L' anima sparita

L' anima sparita

miércoles, 25 de enero de 2012

Armadura

Creí que mi armadura me iba a acompañar toda la vida. En realidad, jamás distinguí entre mi piel y la misma y llegué a creer que ese gran peso que pendía sobre mí, era algo que merecía, que requería y que más valía la pena que cargara como pago por mis muchos errores en esta vida y quizás en las pasadas. Siempre pensé que no había opción hasta que tu tibia mano tocó mi hombro desnudo; fue justo ese instante en el que comprendí que cargar con una armadura tan pesada, no vale la pena, no si no estás en guerra, no si no hay de qué cubrirse.
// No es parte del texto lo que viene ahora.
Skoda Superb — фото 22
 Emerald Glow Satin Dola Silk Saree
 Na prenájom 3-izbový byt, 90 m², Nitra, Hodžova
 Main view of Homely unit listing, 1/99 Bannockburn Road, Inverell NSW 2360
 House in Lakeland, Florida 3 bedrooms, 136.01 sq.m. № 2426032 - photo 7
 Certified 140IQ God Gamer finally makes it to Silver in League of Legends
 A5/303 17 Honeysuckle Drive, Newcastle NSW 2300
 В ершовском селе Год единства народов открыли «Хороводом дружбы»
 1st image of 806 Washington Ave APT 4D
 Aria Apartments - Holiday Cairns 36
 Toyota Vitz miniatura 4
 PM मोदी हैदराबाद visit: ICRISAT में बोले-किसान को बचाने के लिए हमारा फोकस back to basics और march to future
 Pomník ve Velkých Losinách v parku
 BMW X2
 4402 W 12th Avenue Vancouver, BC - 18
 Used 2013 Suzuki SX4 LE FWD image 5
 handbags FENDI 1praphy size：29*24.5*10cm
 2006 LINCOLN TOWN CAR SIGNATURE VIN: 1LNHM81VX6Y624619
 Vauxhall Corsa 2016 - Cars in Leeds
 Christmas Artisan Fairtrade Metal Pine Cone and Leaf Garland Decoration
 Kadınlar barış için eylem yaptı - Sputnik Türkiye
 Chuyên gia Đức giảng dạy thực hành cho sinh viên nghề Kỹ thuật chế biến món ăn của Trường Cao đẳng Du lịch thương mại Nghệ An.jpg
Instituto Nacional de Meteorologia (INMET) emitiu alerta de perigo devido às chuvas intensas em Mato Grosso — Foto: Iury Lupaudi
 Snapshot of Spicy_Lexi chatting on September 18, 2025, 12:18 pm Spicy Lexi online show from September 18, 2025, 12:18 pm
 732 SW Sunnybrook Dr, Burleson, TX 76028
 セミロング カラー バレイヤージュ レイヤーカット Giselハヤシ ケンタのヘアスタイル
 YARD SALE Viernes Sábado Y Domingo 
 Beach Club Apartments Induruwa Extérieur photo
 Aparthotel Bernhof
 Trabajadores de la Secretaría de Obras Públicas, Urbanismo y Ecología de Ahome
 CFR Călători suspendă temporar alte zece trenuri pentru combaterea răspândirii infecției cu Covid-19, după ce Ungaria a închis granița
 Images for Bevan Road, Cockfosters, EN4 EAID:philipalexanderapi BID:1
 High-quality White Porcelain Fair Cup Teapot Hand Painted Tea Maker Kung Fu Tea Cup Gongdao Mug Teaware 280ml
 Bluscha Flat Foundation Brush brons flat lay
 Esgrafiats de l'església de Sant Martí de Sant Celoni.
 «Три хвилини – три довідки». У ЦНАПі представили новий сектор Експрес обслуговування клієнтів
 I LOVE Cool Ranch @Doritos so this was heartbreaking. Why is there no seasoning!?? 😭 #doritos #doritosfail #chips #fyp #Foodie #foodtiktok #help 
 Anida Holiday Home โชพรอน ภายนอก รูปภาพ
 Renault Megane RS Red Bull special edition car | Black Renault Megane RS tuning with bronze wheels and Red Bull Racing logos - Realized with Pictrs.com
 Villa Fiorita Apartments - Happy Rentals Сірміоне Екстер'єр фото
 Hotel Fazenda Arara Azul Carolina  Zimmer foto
Así que decidí quitarme la armadura ante ti y quedar desnuda de piel, de mente y de alma. Mi falsa seguridad se ha quebrado, mis miedos hoy me ven vulnerable, pero si estás a mi lado para luchar, mi niña, no necesito nada más, salvo saber que cuento conmigo y que sepas que estoy contigo, que soy por y para ti. Que ya viví el día cero y ese día fue el mismísimo en el que te conocí y dejé atrás una carga que no me servía de nada y decidí darle paso a una nueva era donde el amor sea mi mejor arma, un arma que requiere de dos personas para que su filo no se acabe, para que su fuerza no pierda y para que su explosividad no se apague.

Lucharé contigo, en ti y por ti para siempre y prometo que por siempre daré lo mejor en esta batalla y en las que sigan mientras estés a mi lado.

Te quiero y espero que, si cambia, sólo sea para subir de categoría y buscar siempre la forma que tus labios se curveen en una sonrisa y tus ojos brillen así como lo hacen los míos, así como mi sonrisa pareciera ya indeleble.